If a line in the data below holds the word "Gold", copy it.
= = = = =
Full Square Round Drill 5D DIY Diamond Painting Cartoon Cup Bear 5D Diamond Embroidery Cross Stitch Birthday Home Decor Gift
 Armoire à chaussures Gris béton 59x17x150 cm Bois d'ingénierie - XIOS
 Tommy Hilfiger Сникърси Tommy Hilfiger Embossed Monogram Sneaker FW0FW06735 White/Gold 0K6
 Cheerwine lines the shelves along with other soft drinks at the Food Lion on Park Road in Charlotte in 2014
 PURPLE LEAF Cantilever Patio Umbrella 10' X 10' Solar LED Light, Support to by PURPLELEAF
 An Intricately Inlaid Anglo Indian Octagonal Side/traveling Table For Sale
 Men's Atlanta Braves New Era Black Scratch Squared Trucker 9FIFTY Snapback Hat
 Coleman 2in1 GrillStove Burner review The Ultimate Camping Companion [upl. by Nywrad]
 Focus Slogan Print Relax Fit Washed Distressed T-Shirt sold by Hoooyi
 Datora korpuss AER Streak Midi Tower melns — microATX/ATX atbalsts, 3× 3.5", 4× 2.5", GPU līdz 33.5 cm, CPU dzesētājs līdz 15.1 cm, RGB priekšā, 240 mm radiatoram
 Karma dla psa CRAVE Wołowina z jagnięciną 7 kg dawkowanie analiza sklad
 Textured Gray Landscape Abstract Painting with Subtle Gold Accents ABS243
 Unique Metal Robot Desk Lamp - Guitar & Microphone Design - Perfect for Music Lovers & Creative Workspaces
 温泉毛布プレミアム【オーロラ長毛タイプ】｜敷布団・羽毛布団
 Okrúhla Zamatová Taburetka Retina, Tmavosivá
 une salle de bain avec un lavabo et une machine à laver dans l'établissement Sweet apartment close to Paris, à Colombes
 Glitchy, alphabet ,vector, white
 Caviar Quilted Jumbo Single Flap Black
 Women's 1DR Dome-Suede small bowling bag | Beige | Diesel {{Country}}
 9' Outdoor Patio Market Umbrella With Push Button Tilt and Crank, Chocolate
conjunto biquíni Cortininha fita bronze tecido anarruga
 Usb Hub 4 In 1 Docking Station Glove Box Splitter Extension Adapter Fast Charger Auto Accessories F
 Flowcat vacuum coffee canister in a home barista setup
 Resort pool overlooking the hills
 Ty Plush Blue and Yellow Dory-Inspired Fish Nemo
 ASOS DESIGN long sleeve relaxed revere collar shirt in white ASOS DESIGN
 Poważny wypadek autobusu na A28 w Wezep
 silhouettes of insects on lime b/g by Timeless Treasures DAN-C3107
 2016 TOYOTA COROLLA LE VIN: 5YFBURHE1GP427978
= = = = =
* **FINISHED TASK**:
 Tommy Hilfiger Сникърси Tommy Hilfiger Embossed Monogram Sneaker FW0FW06735 White/Gold 0K6
 Textured Gray Landscape Abstract Painting with Subtle Gold Accents ABS243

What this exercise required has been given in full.